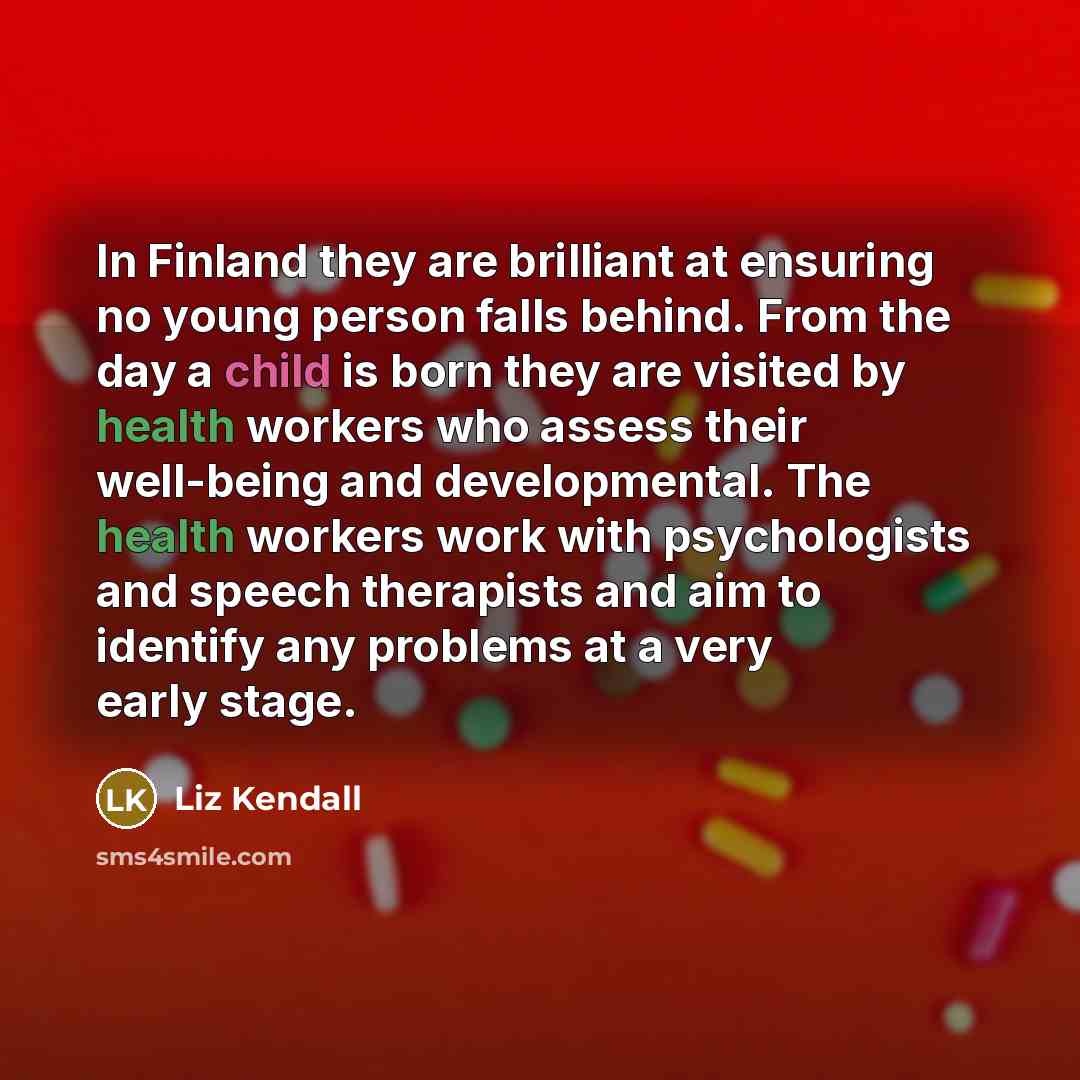 “In Finland they are brilliant at ensuring no young person…” quote by Liz Kendall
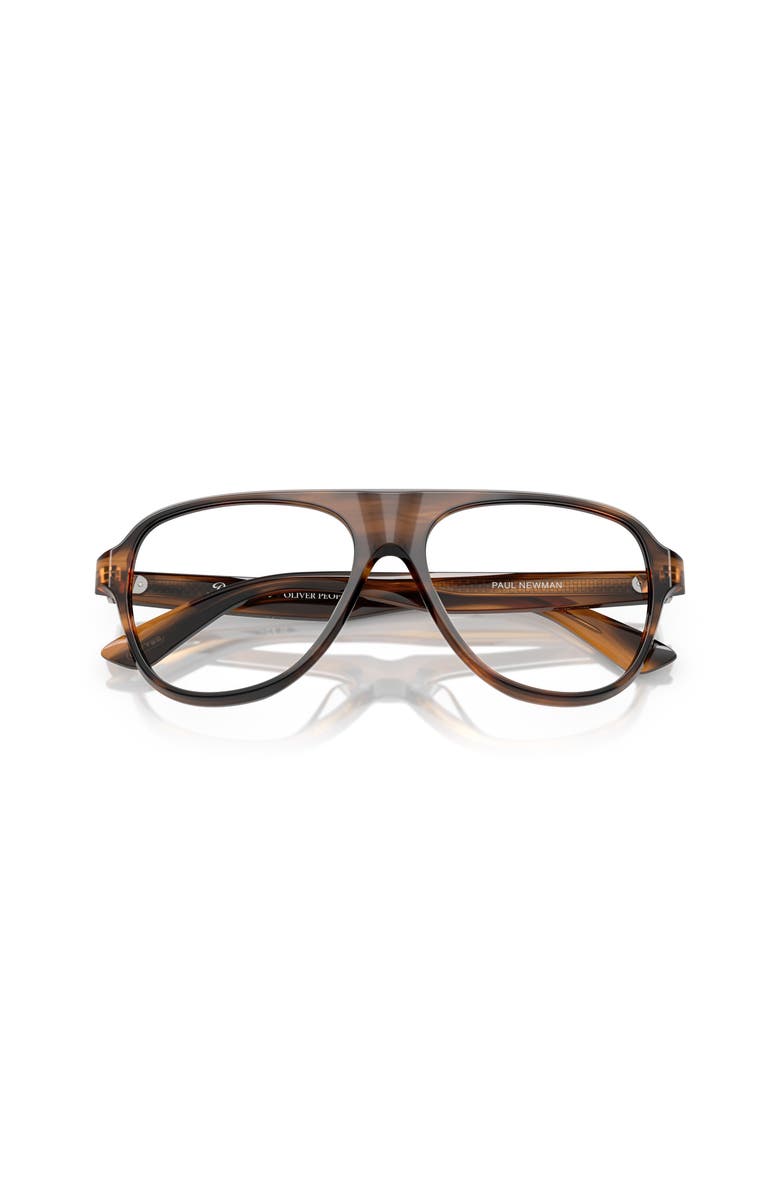 Oliver Peoples 54mm Pilot optical glasses, Alternate, color, Brown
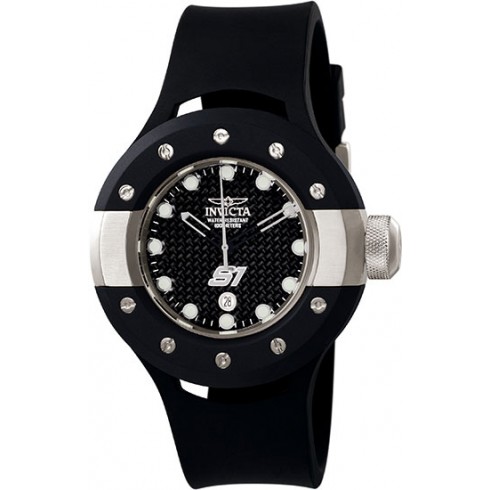 Invicta S1 Black Dial Polyurethane Men's Watch 1942 watches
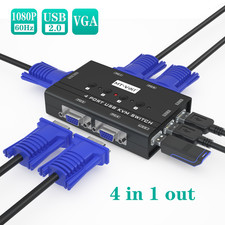 MT-VIKI 4 Port VGA KVM Switch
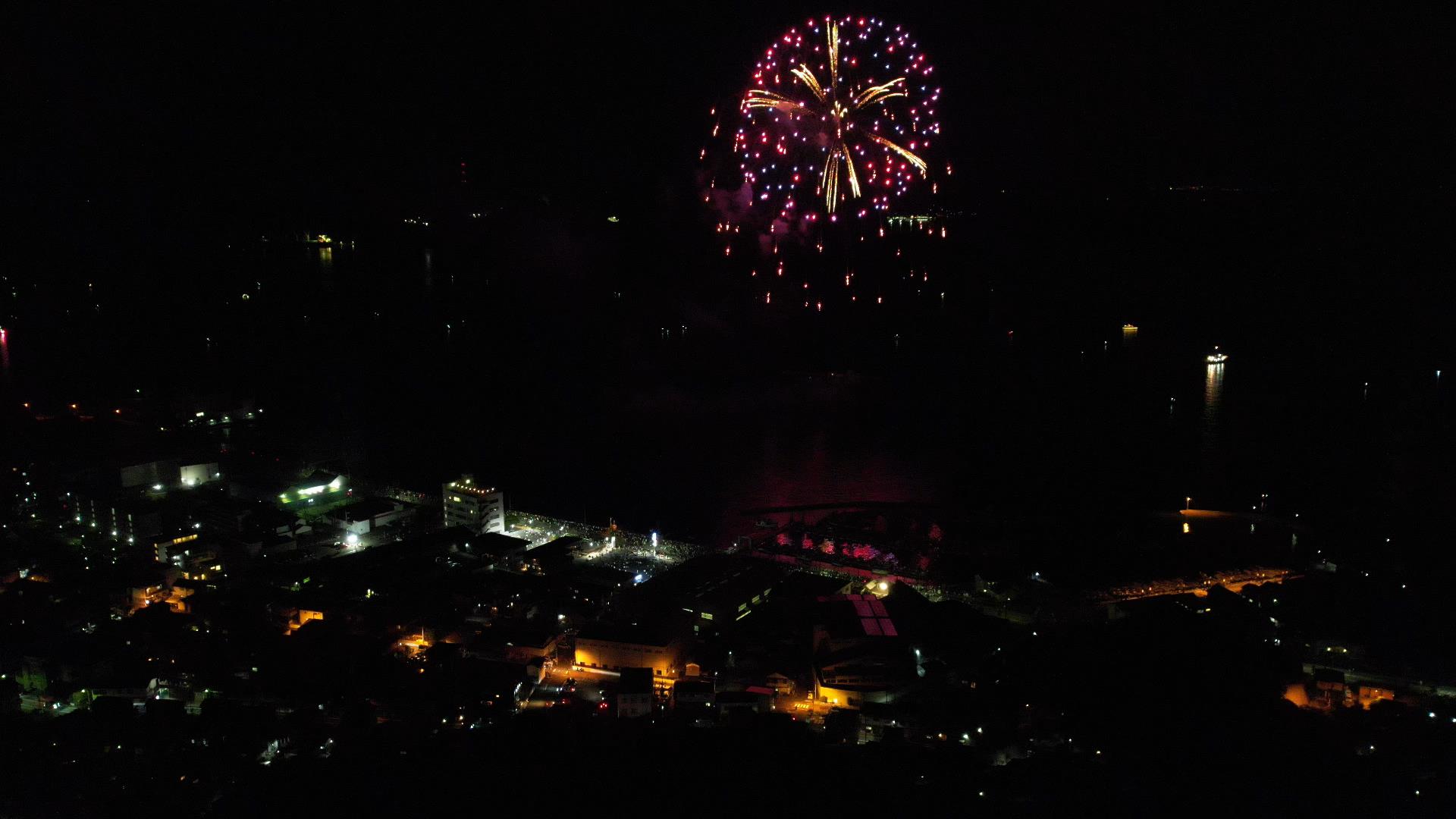 玉野花火大会 大仙山より 22 08 07 Keitaさんの玉野市の活動データ Yamap ヤマップ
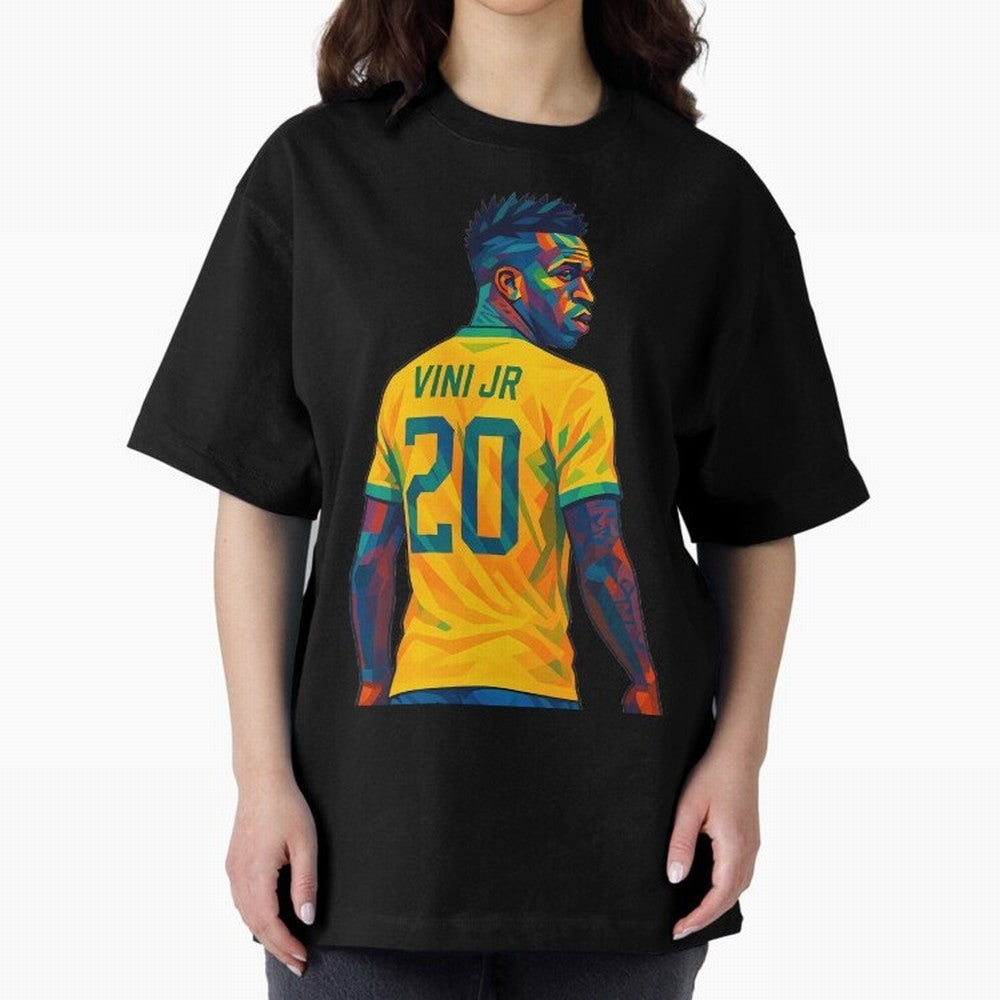 Vini Jr. Oversized T-Shirt Represent Fans Who Live for the FIFA World Cup 2026 Group Stage Journey through Messi and Cristiano Ronaldo Highlights, Germany Pride, Global Supporter Spirit, Legendary Goals, National Colors and Tournament Celebration;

▶ What is required
In the copy, no pictures should appear; the records themselves must be repeated exactly.

▶ Response below
 “In Finland they are brilliant at ensuring no young person…” quote by Liz Kendall
 Oliver Peoples 54mm Pilot optical glasses, Alternate, color, Brown
 Invicta S1 Black Dial Polyurethane Men's Watch 1942 watches
 MT-VIKI 4 Port VGA KVM Switch
 玉野花火大会 大仙山より 22 08 07 Keitaさんの玉野市の活動データ Yamap ヤマップ
 Vini Jr. Oversized T-Shirt Represent Fans Who Live for the FIFA World Cup 2026 Group Stage Journey through Messi and Cristiano Ronaldo Highlights, Germany Pride, Global Supporter Spirit, Legendary Goals, National Colors and Tournament Celebration;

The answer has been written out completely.